Although North Korea possesses enough material for six to eight nuclear warheads, he said, the North is frustrated by its inability actually to deliver a warhead to a target. “They have the bomb but not much of a delivery system.,” he said. “That’s why these tests are so important.”

Hecker called on China to exercise pressure on North Korea to cease and desist. “China will say, ‘We want peace and stability,” he said, “but will they understand these provocations are threatening peace and stability?”

One theory is that the missile launch, timed for the centennial celebrations of the birth of North Korea’s founding leader Kim Il-Sung on April 15, is a show to buttress the power of his grandson, Kim Jong-Un, who took over after the death of Kim Jong-Il in December.

In an effort by Kim Jong-Un to assert himself on the home front, according to reports here, North Korea has mounted a purge of senior officials for showing signs of disloyalty during the mourning period after the funeral for his father.

The purge paralleled increasingly vitriolic rhetorical blasts leveled against South Korea while Kim Jong-Un visits military units closest to South Korean forces. He has been ordering soldiers to fire back “without hesitation” in order to “wipe out” President Lee, routinely described as a “traitor.”
An official with South Korea’s unification ministry said news of the killing of officials seen as not properly respectful are “plausible.” North Korea, said the official, “made it very clear that those who violated the mourning would be punished.”

South Korea’s biggest-selling newspaper, Chosun Ilbo, reported “a bloody purge” that saw “barbaric methods including mortar rounds used to execute high-ranking military officials”. The new leader, still in his late 20s, was credited with having ordered officials to “get rid of” dozens of officers and civilian officials. Those guilty of infractions ranging from intoxication to sexual harassment were also executed, said the report.

An assistant chief of the armed forces ministry was reported executed not by a firing squad but by a mortar round that tore his body to bits. Kim Jong-Un, according to the report, ordered execution by mortar round to leave “no trace of him behind, down to his hair.”

Experts questioned, however, whether Kim Jong-Un would have personally issued the orders, or whether he rubber-stamped suggestions from lower ranking officials.

“I doubt whether Kim Jong-Un directed everything completely,” said Kim Tae-woo president of the Korea Institute of National Unification and a noted military expert here. “Kim Jong-Un must be very careful” as he goes about establishing his control over military officers who are far older and more experienced.

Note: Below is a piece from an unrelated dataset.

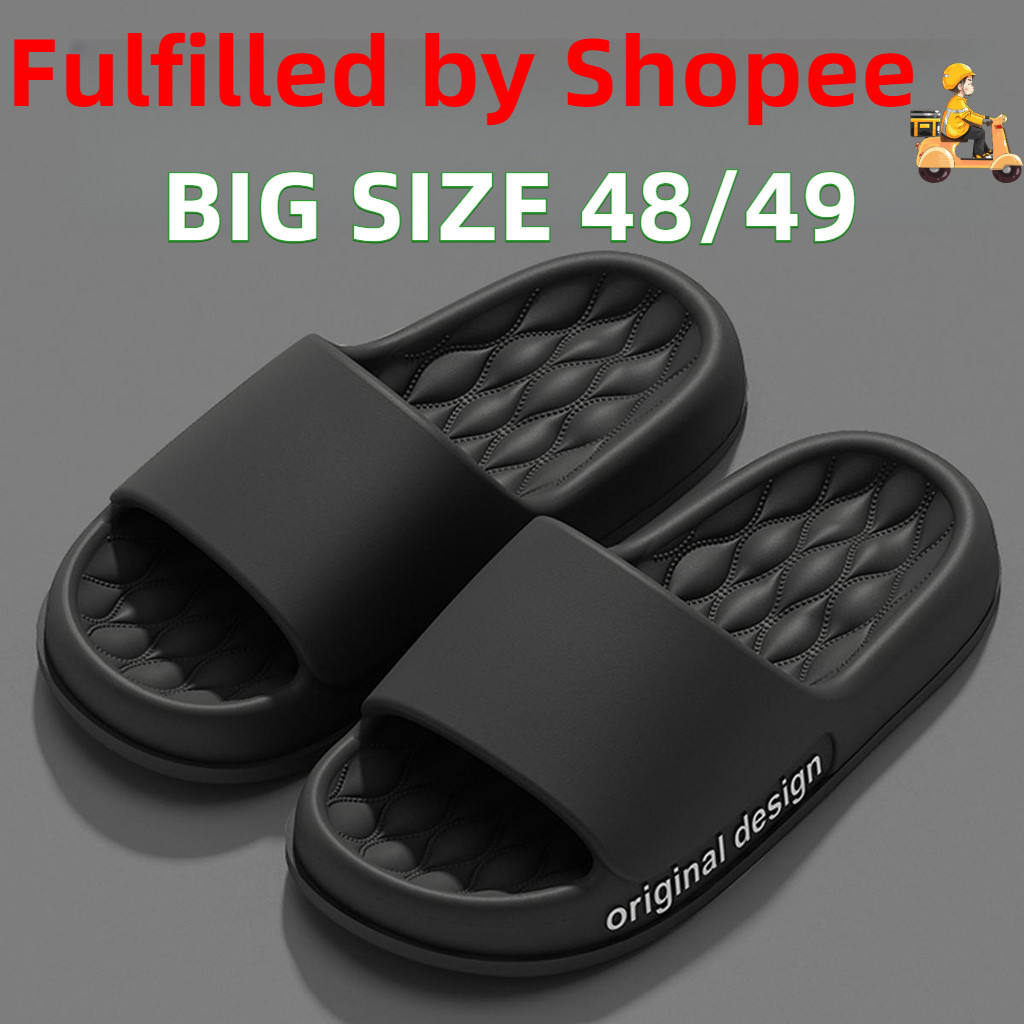 Big Size 48/49 Slippers Men Bathroom Slippers Non-slip Thick Bottom ...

“He wants to purge those generals standing in his way,” said Kim Tae-woo, but he would have to do so through the small clique of generals who see complete loyalty to him as the unquestioned leader as essential to their own survival and that of the regime.

Reports of a purge come as no surprise considering that Kim Jong-Il purged the ranks in his first two or three years after taking over from his father in 1994. Kim Jong-Un, however, is not believed to have nearly as strong a grip as his father — one reason he may believe that he has to get tough very quickly to wipe out the slightest sign of dissent.

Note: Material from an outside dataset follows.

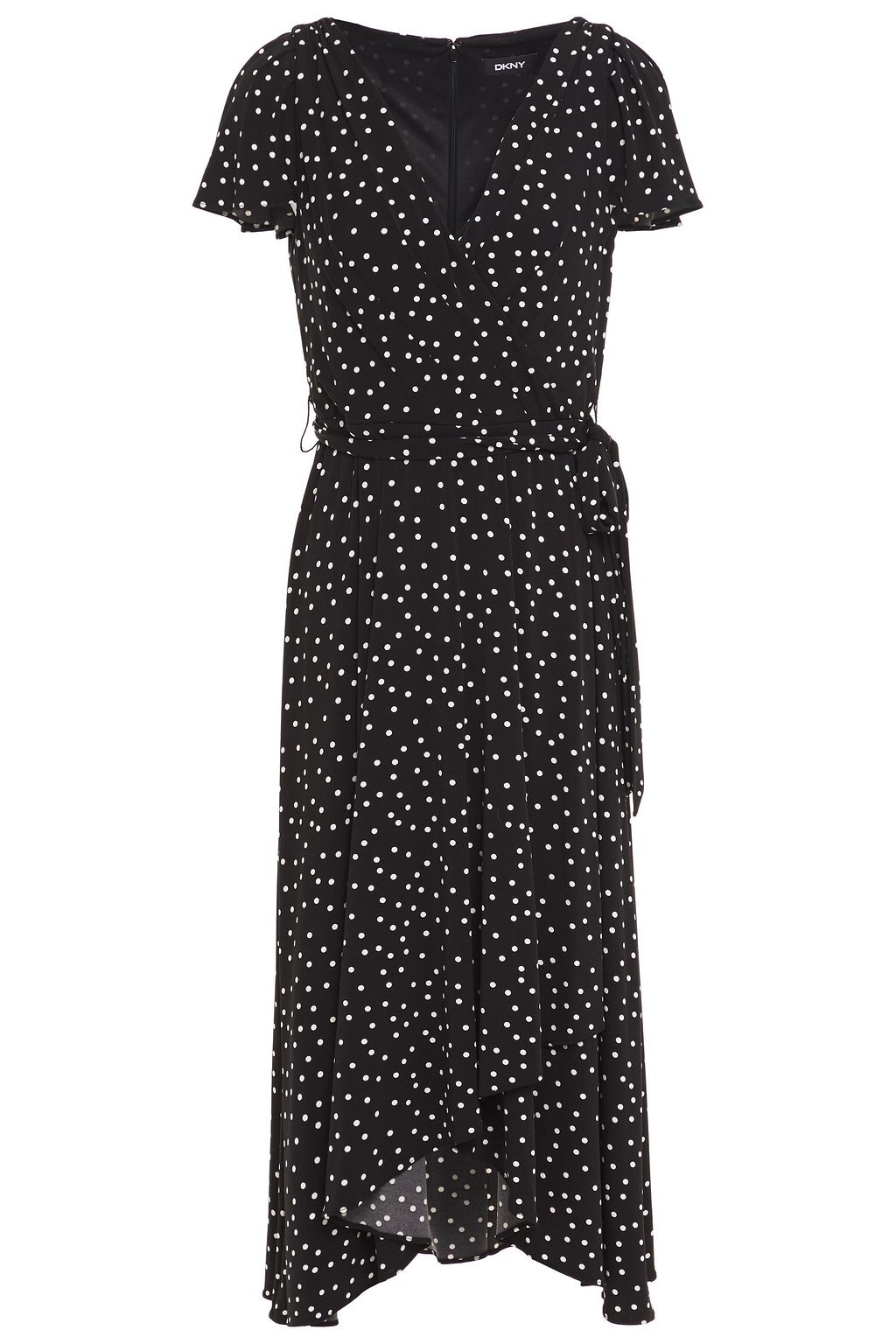 DKNY Wrap-effect polka-dot stretch-jersey midi dress | THE OUTNET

In that spirit, Kim Jong-Un is believed to have placed his imprimatur on North Korea’s plan to launch the satellite, which the U.S. and South Korea are confident is a pretext for testing a missile with a range as far as the west coast of the United States.

“So what is Pyongyang up to,” asked Ralph Cossa, who runs the Pacific forum of the Center for Strategic and International Studies in Honolulu. “The North Koreans pulled the rug out from everyone” at a time when it appeared “safe to go back to six-party talks” on getting the North to abandon its nuclear program.

The talks, hosted by China, including the U.S., Japan, Russia and the two Koreas, were last held in Beijing December 2008. Now, to rev up the whole process, said Cossa, “It’s time for Beijing to stop empowering North Korea’s bad behavior.”